PROMPT —
An exact repetition of the data below, without images, is the expected answer.
###
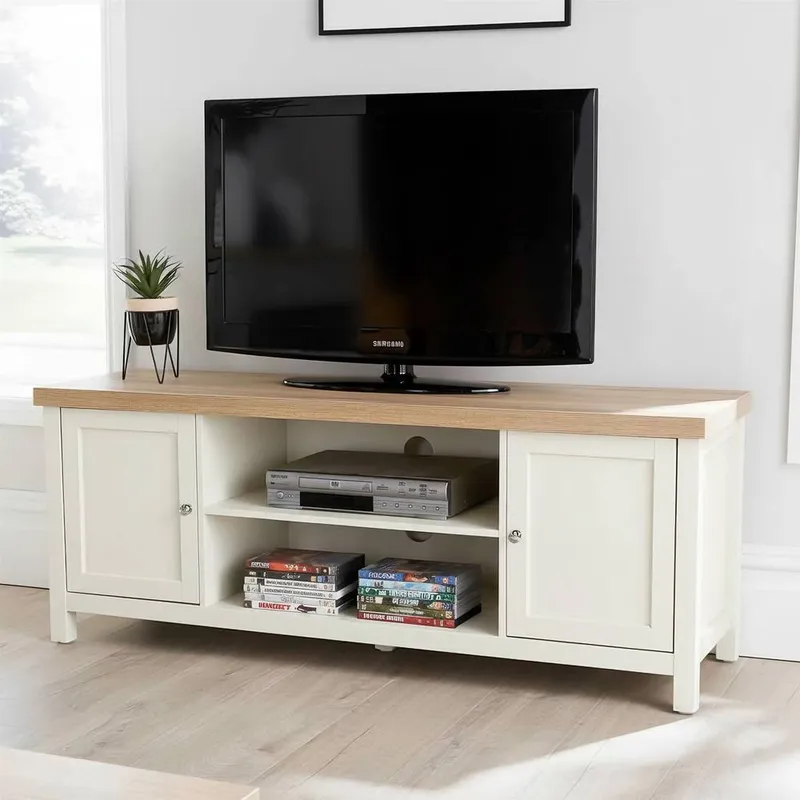 Avon 130cm Wide TV Stand - White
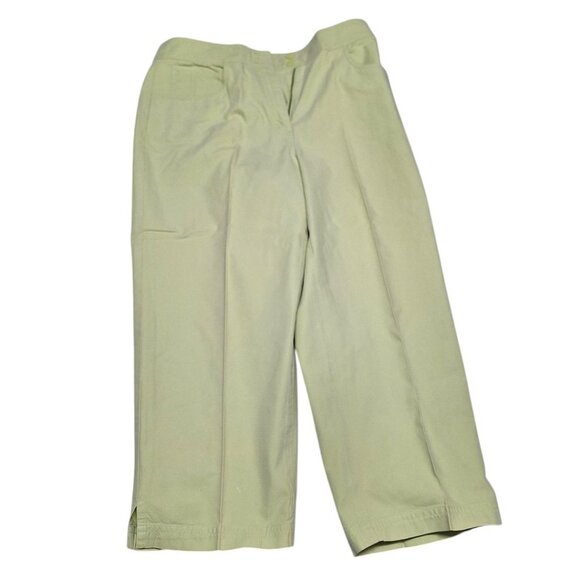 Talbots Signature Crop Petite Pant Capri Green Womens 10 P Short Work Office - Picture 1 of 4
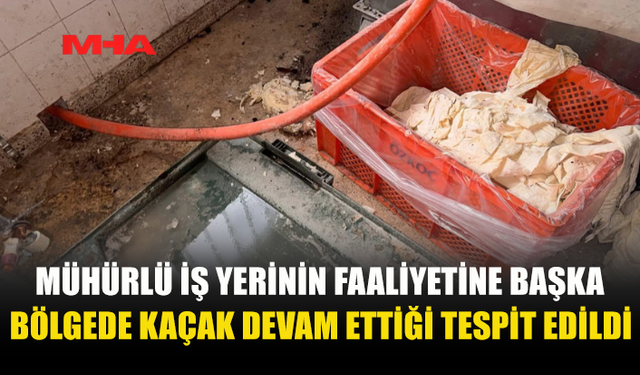 MÜHÜRLÜ İŞ YERİNİN FAALİYETİNE BAŞKA BÖLGEDE KAÇAK DEVAM ETTİĞİ TESPİT EDİLDİ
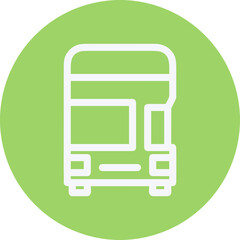 Bus transportation symbol icon vector image. Illustration of the silhouette bus transport public travel design image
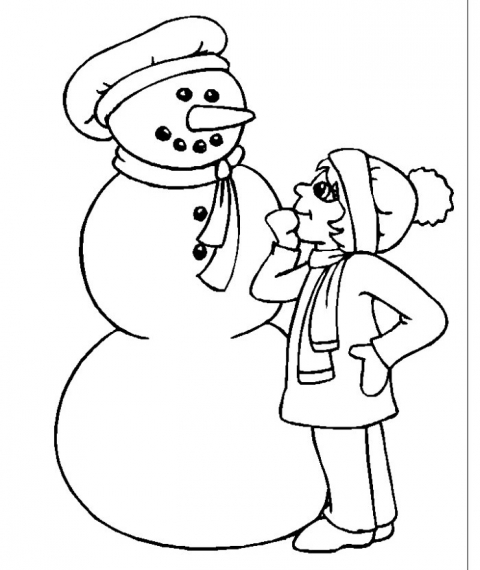 Desene de colorat de iarna poza 22
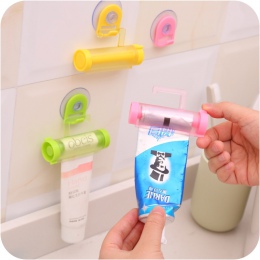 5 kolorów plastikowa tubka do zgniatania przydatna pasta do zębów łatwe dozownik łazienka uchwyt do pasty do zębów akcesoria łaz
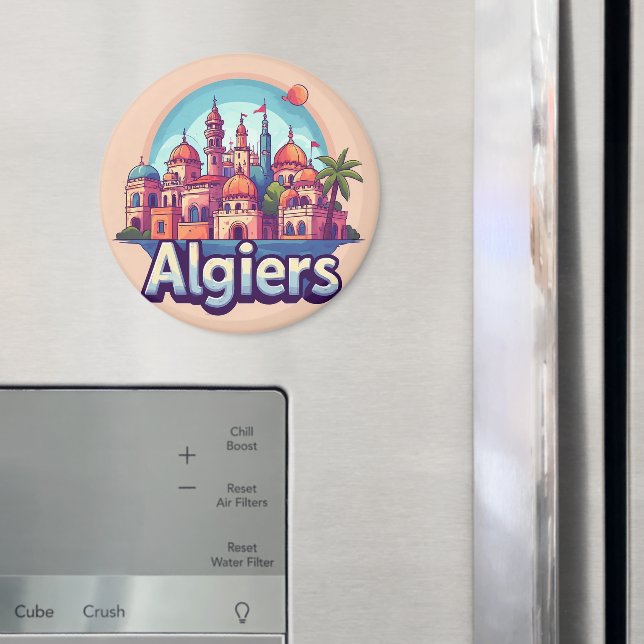 Algiers Cityscape With Historic Domes Magnet (In Situ (Fridge))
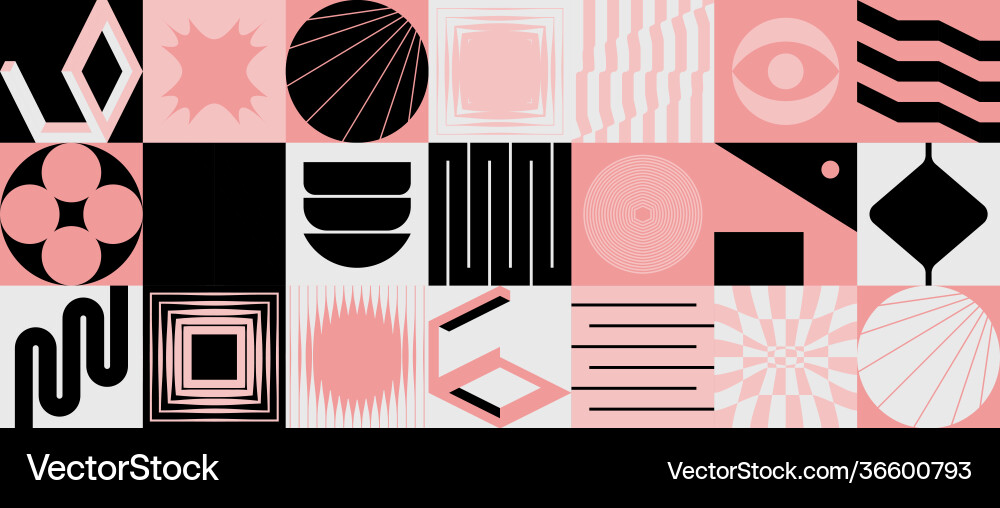 Abstract pattern design elements Abstract pattern design elements vector image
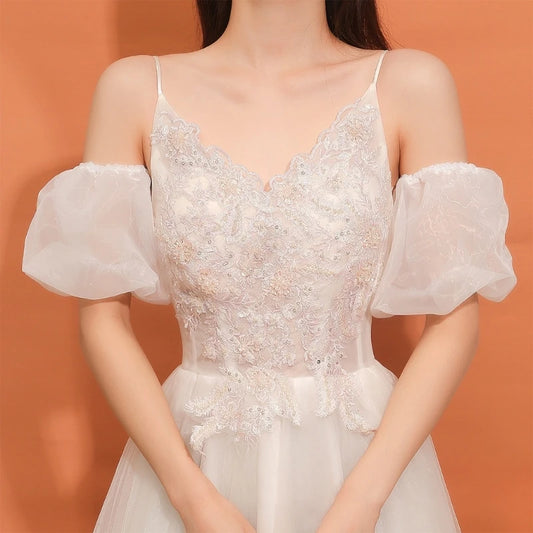 Detachable Tulle Puff Sleeves Removable Bridal Arm Covers
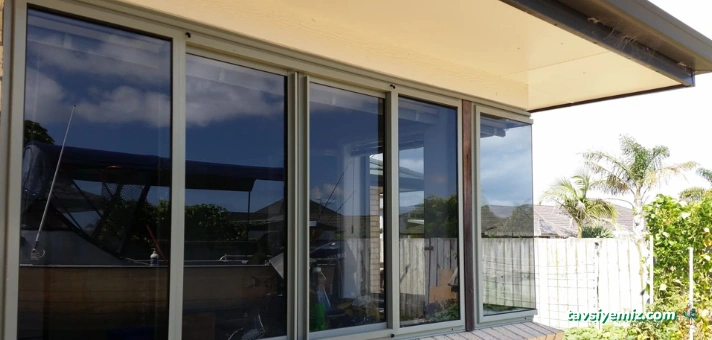 Bitlis Gold Alüminyum Cam Balkon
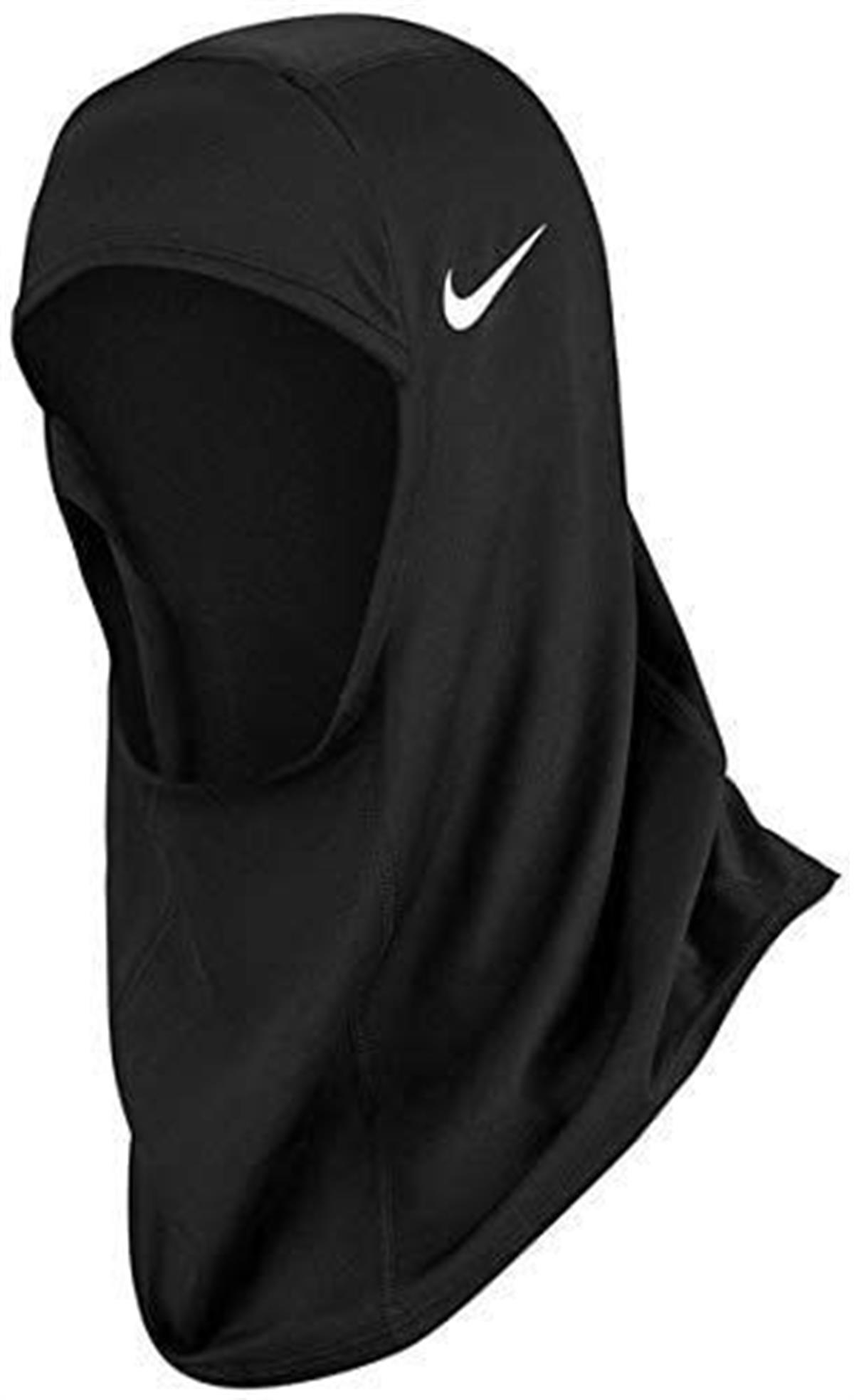 Nike Pro Dri-Fit Hijab Sporcu Başörtüsü Eşarp Siyah XS-S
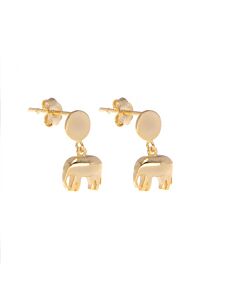 Sophie Allport Elephant Gold Stud Earrings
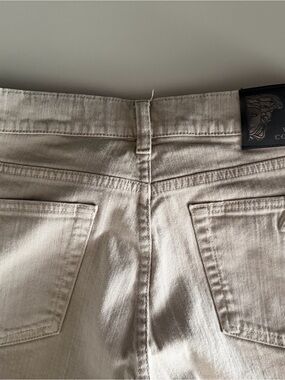 Versace Collection Men's Slim Straight Jeans in Light Beige Size 31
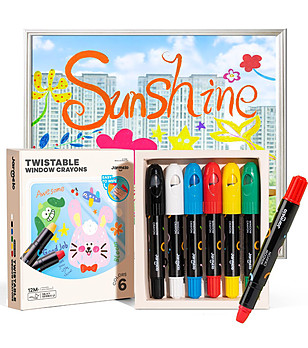 Пастели за рисуване върху стъкло 6 цвята снимка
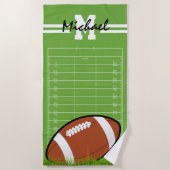 Gepersonaliseerde naam Kinder Football Strandlaken (Voorkant)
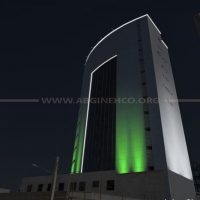 شبیه سازی نورپردازی ساختمان بانک صادرات بجنورد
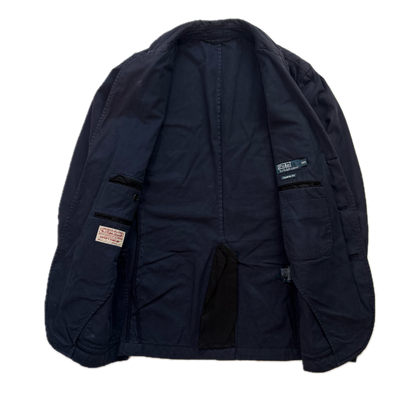 Polo Ralph Lauren Navy Crest Blazer Sports Jacket - 38R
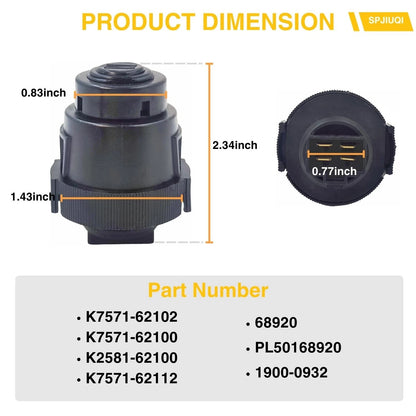 Ignition Key Switch K7571-62100 for Kubota B BX (Serial, Garden/Lawn Tractor)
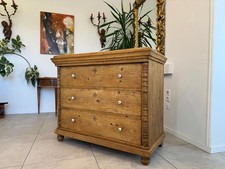 Originale Gründerzeit Kommode Antik 3 Laden aus Fichtenholz Weichholz G2281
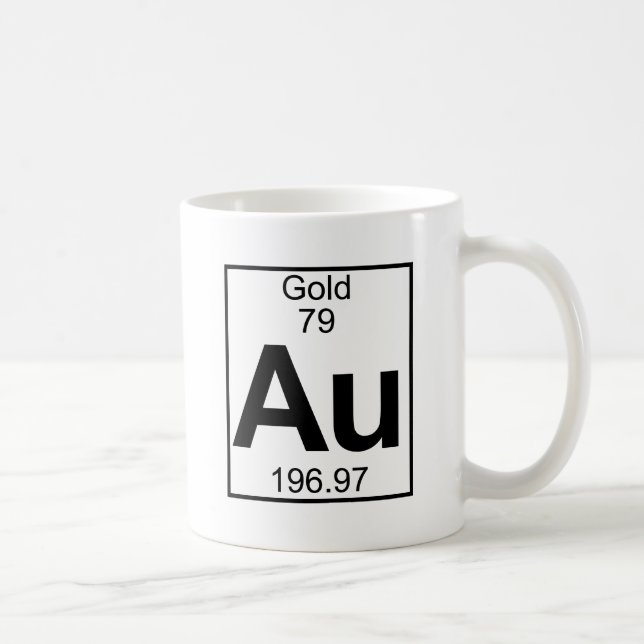 Element 079 - Au - Gold (voll) Kaffeetasse (Rechts)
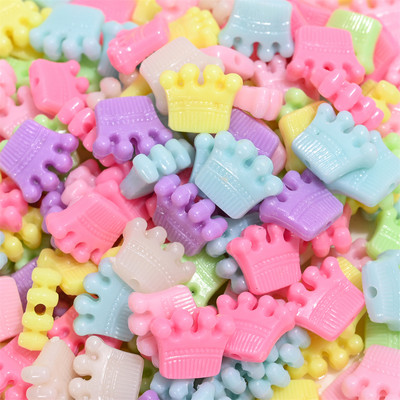 30-100 komada Akrilne perle u boji slatkiša Leptir Srce Slovo Školjka Cvijet Voće Zvijezda Kruna Razmak perle za DIY izradu nakita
###
ANSWER TO THIS EXERCISE —
 Avon 130cm Wide TV Stand - White
 Talbots Signature Crop Petite Pant Capri Green Womens 10 P Short Work Office - Picture 1 of 4
 MÜHÜRLÜ İŞ YERİNİN FAALİYETİNE BAŞKA BÖLGEDE KAÇAK DEVAM ETTİĞİ TESPİT EDİLDİ
 Bus transportation symbol icon vector image. Illustration of the silhouette bus transport public travel design image
 Desene de colorat de iarna poza 22
 5 kolorów plastikowa tubka do zgniatania przydatna pasta do zębów łatwe dozownik łazienka uchwyt do pasty do zębów akcesoria łaz
 Algiers Cityscape With Historic Domes Magnet (In Situ (Fridge))
 Abstract pattern design elements Abstract pattern design elements vector image
 Detachable Tulle Puff Sleeves Removable Bridal Arm Covers
 Bitlis Gold Alüminyum Cam Balkon
 Nike Pro Dri-Fit Hijab Sporcu Başörtüsü Eşarp Siyah XS-S
 Sophie Allport Elephant Gold Stud Earrings
 Versace Collection Men's Slim Straight Jeans in Light Beige Size 31
 Пастели за рисуване върху стъкло 6 цвята снимка
 Gepersonaliseerde naam Kinder Football Strandlaken (Voorkant)
 شبیه سازی نورپردازی ساختمان بانک صادرات بجنورد
 Polo Ralph Lauren Navy Crest Blazer Sports Jacket - 38R
 Ignition Key Switch K7571-62100 for Kubota B BX (Serial, Garden/Lawn Tractor)
 Originale Gründerzeit Kommode Antik 3 Laden aus Fichtenholz Weichholz G2281
 Element 079 - Au - Gold (voll) Kaffeetasse (Rechts)
 30-100 komada Akrilne perle u boji slatkiša Leptir Srce Slovo Školjka Cvijet Voće Zvijezda Kruna Razmak perle za DIY izradu nakita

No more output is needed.